Aim of the exercise
In the entries below, copy only the lines from the one that contains "TWP Tease Rib" through the last line, exactly, and omit any pictures.

Short web captions
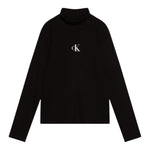 Calvin Klein Maglia tinta unita Collo Alto con Logo Nero per Bambina IG0IG02808 NERO CALVIN KLEIN 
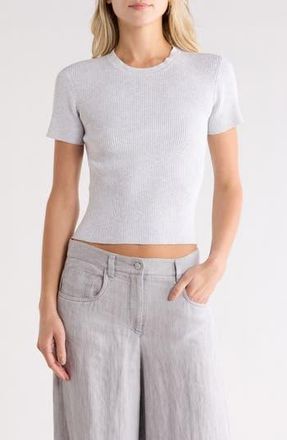 TWP Tease Rib Knit Short Sleeve Top in White Heather Grey at Nordstrom Rack, Size Xx-Small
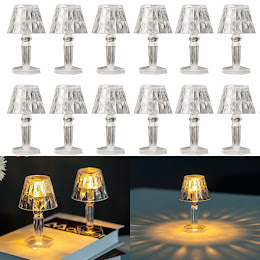 Set 12 x Lampa LED cu baterii, Crystal
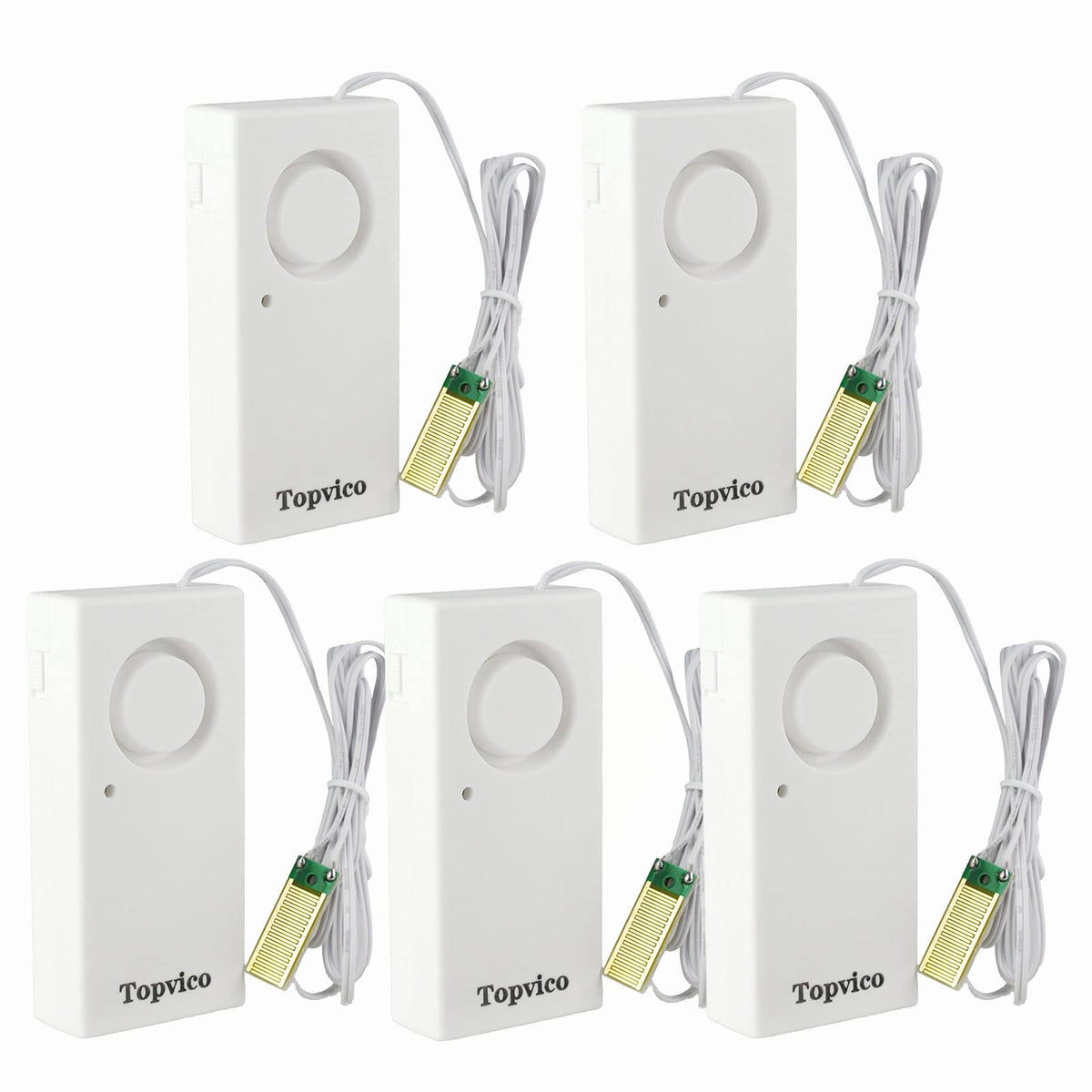 Topvico water-leak detector alarm shows a loud 120dB alert for rapid warnings.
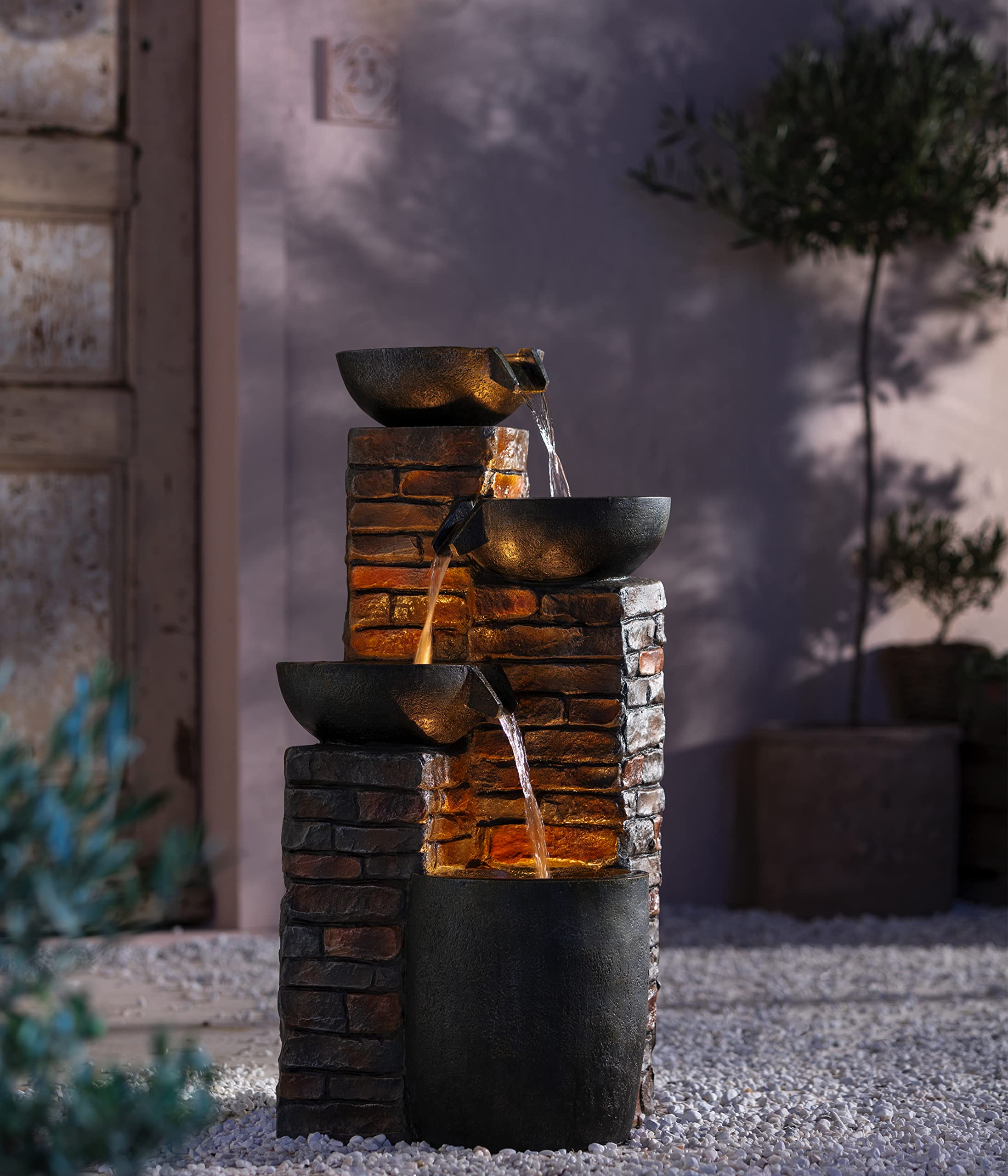 Dehner Piatto Gartenbrunnen Zierbrunnen mit LED 10 L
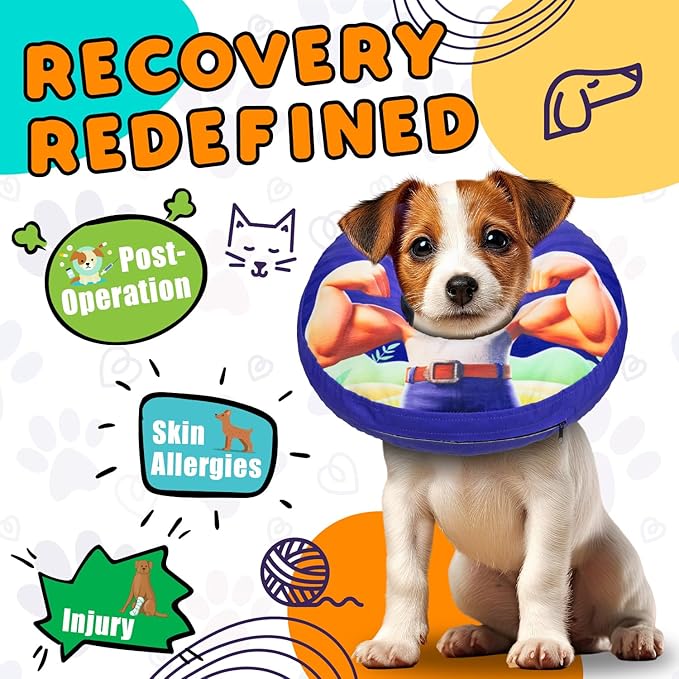 Large Dog Cone Collar for Dogs and Cats Inflatable Dog Donut Collar for After Surgery Recovery Soft Dog Cone for Small Medium Large Dogs Does not Impede Vision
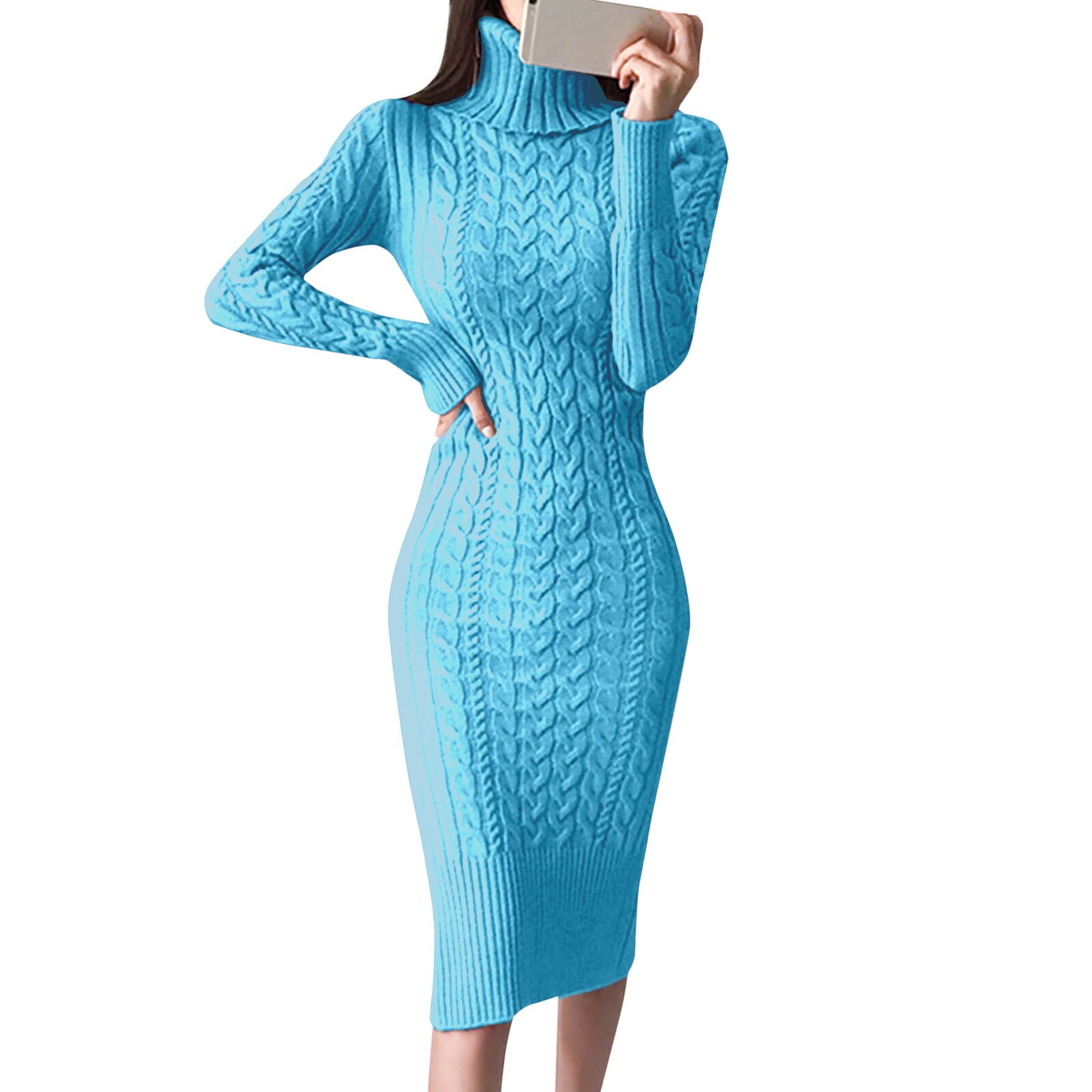 Buttoned Turtleneck Long Sleeve Sweater Dress main image 0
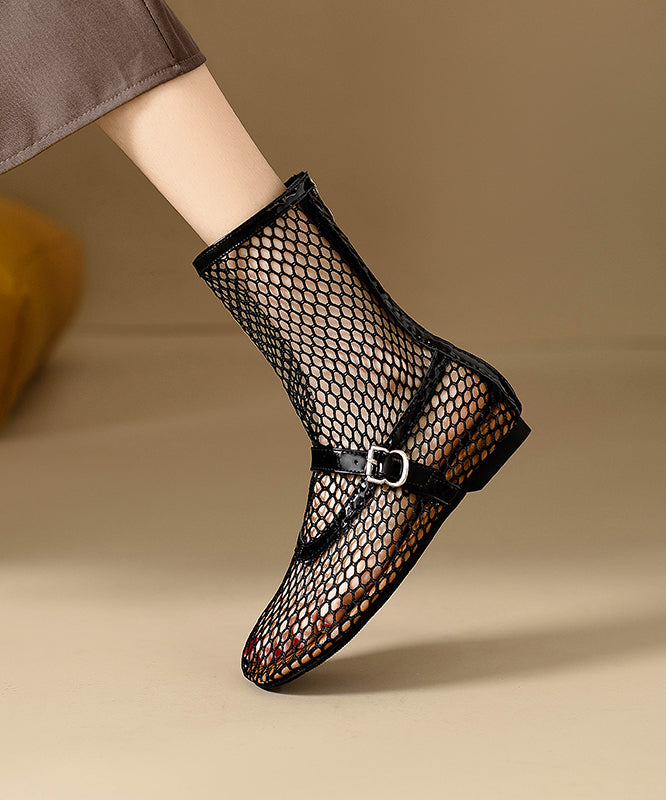 Black Boots Hollow Out Breathable Mesh Splicing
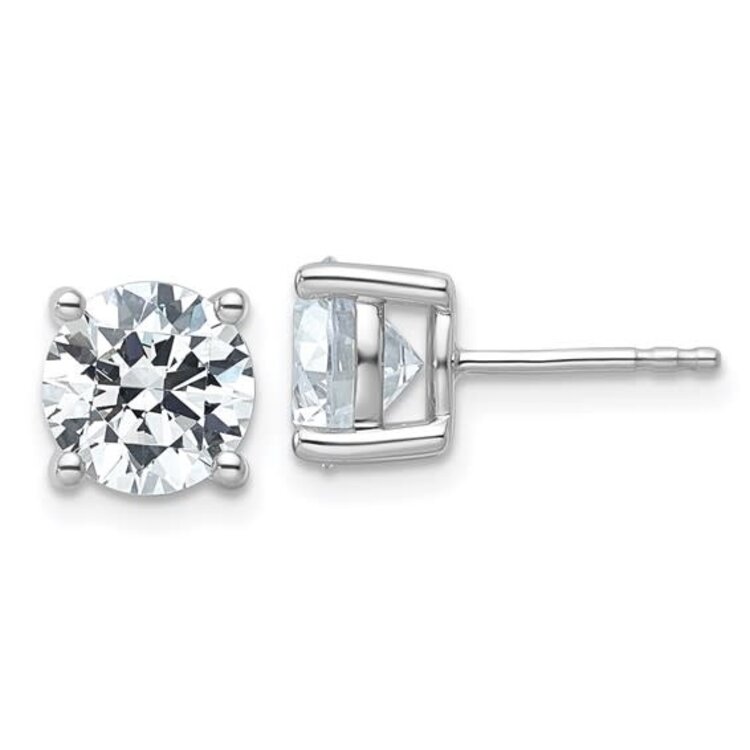 31042 14K WHITE GOLD .80TCW LAB GROWN DIAMOND ROUND STUDS PUSH BACK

Response area
 TWP Tease Rib Knit Short Sleeve Top in White Heather Grey at Nordstrom Rack, Size Xx-Small
 Set 12 x Lampa LED cu baterii, Crystal
 Topvico water-leak detector alarm shows a loud 120dB alert for rapid warnings.
 Dehner Piatto Gartenbrunnen Zierbrunnen mit LED 10 L
 Large Dog Cone Collar for Dogs and Cats Inflatable Dog Donut Collar for After Surgery Recovery Soft Dog Cone for Small Medium Large Dogs Does not Impede Vision
 Buttoned Turtleneck Long Sleeve Sweater Dress main image 0
 Black Boots Hollow Out Breathable Mesh Splicing
 31042 14K WHITE GOLD .80TCW LAB GROWN DIAMOND ROUND STUDS PUSH BACK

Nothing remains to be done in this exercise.